Pokazał, wlączył, zaczęłam biec. Hm. Wolno. Podkręciłam tempo. I jeszcze trochę. Po kwadransie zachciało mi się pic. Coś poprzyciskałam i... No nieważne, drugi raz właczyłam sobie sama. Ale coś pokręciłąm. Za chwilę znowu spróbowałam. O, teraz jest dobrze. Zerknęłam przez ramię facetowi przy sąsiedniej bieżni. Aha. Ustawiłam sobie tempo minimalnie szybsze, czas - dłuższy - i tupałam.
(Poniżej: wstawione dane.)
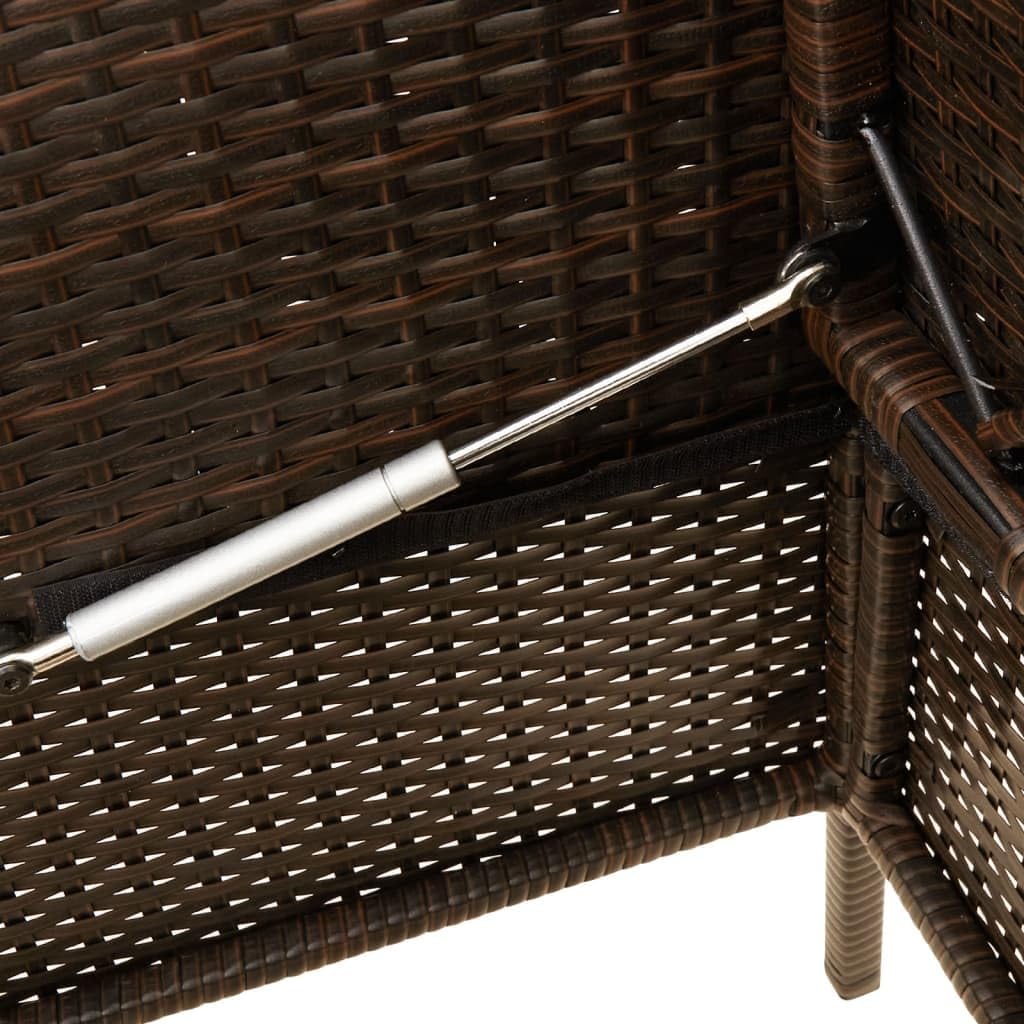 Outdoor Storage Bench with Cushions, Waterproof Patio Storage Bench Brown Poly Rattan, PE Rattan Garden Seat with Thick Padded Cushion and Removable Washable Cover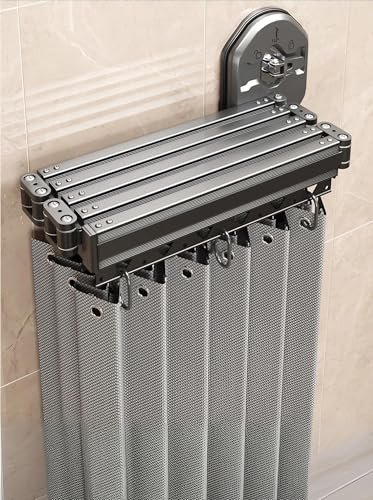 Faltbare Duschvorhangstange 360° verstellbar - Ohne Bohren mit Saugnapf, Rostfrei & Wasserdicht Aluminium Duschstange für Eckdusche, Badezimmer(5-fold 140-180cm)
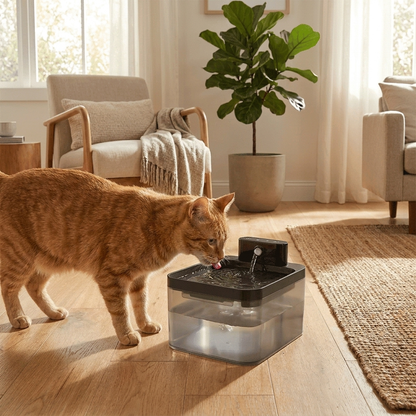 Cat drinking from rounded-square Pet Cat Water Fountain in a home setting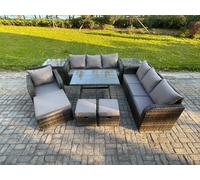 Fimous Wicker 9 Pieces Rattan Garden Furniture Sofa Set with Rectangular Dining Table Armchair 3 Footstools 2 Side Tables Dark Grey Mixed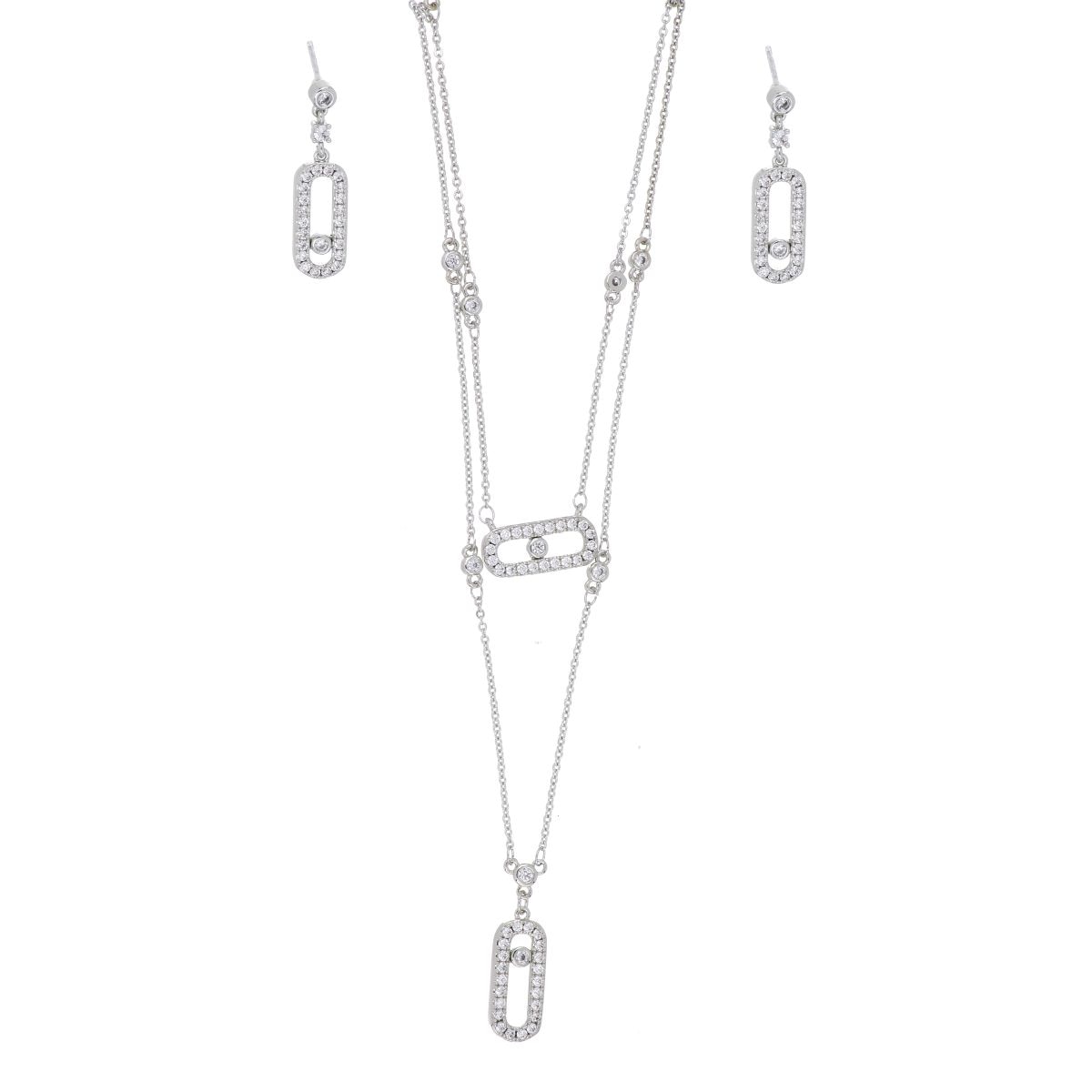 Set Aretes+Gargantilla Cadena Circonita Blanca Acabado Rodio Farfalla Bonetti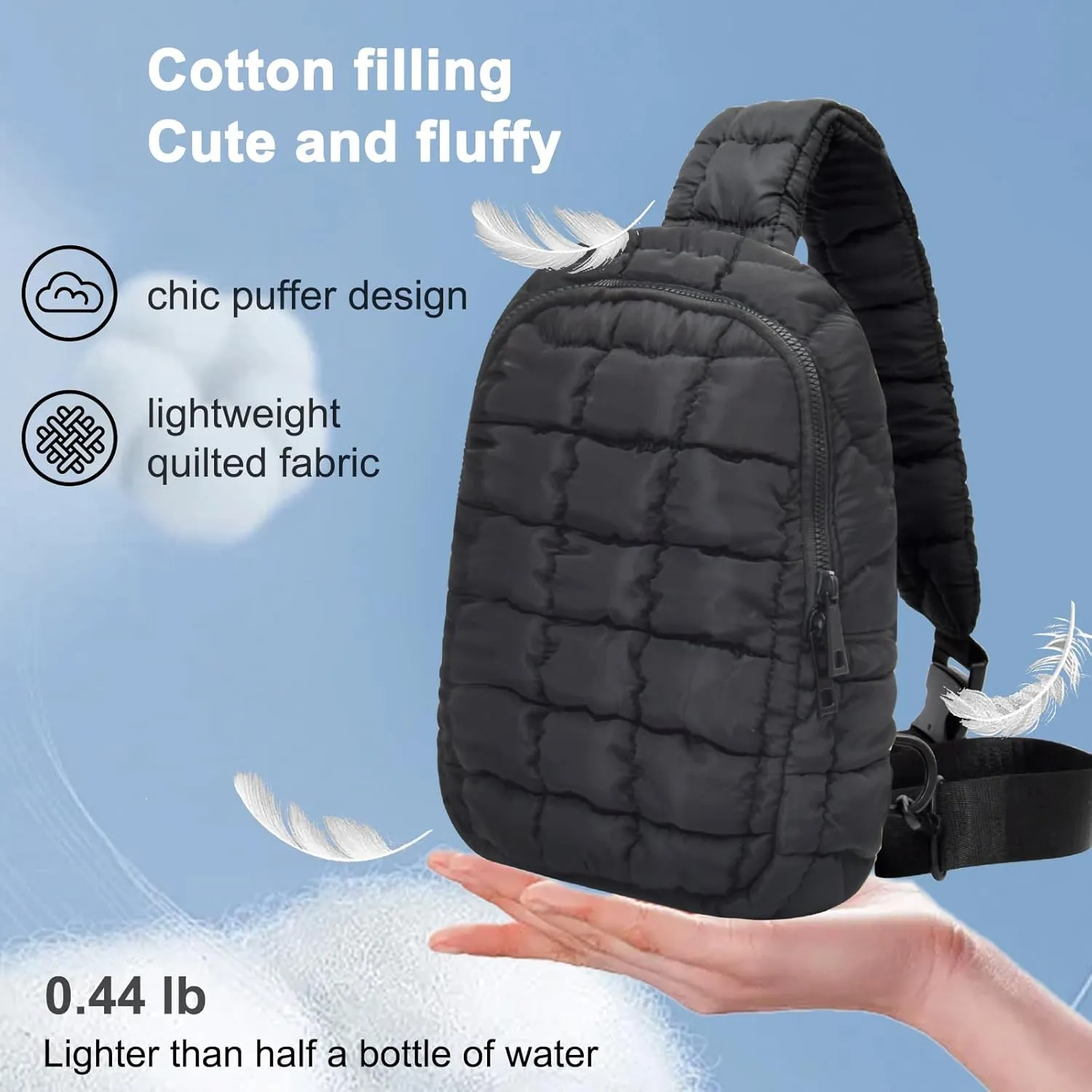Puffer Tote Bag for Women, Quilted Tote Bag Mini Chest Bag, Quilted Carryall Puffer Shoulder Bag, Quilted Padding Lightweight, Travel Trip Bag(Black)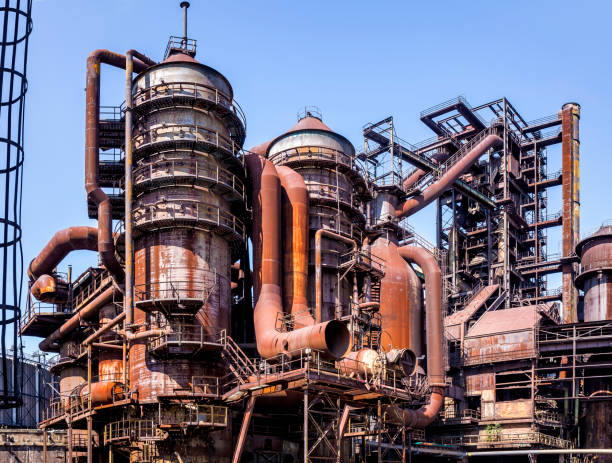 istock Old rusty steel equipment in inactive the steel mill 860468682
Po 5 minutach zaczełam sie nudzić. Widok przed sobą miałam nad wyraz interesujący - pietrowy parking w sąsiednim budynku. Na monitorze z boku leciały teledyski, ale nic nie było słychac. Czytanie wiadomości znudziło mi się po kolejnych 5 minutach. Zagryzłam zęby i tupałam dalej, walcząc z otepającym uczuciem bezsensu, dusznościa i gorącem.
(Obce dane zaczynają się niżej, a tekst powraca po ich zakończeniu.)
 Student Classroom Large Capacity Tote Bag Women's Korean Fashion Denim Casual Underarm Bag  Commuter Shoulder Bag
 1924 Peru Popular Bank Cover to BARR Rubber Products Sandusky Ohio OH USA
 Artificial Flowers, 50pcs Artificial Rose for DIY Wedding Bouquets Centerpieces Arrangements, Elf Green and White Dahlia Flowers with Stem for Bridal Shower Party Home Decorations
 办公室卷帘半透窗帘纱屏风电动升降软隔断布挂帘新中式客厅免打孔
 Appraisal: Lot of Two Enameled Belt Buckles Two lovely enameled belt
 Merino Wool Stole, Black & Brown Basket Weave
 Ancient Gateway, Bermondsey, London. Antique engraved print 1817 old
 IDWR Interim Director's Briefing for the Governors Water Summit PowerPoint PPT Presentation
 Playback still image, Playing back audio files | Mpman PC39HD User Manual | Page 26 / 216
Zrobiłam 9,5 km w 50 minut. Następnie przez dwie minuty walczyłam z zawrotami głowy - czułam się jakbym właśnie zeszła z karuzeli.
Jak już lekko oprzytomniałam, pognałam na poszukiwania instruktora po raz kolejny. Tym razem przybrałam wyraz blond max i poprosiłam o zestaw ćwiczeń z instrukcją obsługi. Następnie przez kolejne 25 minut zasuwałam seryjki ćwiczeń - dolna część pleców, górna, klatka piersiowa, brzuszek, przywodziciele, odwodziciele....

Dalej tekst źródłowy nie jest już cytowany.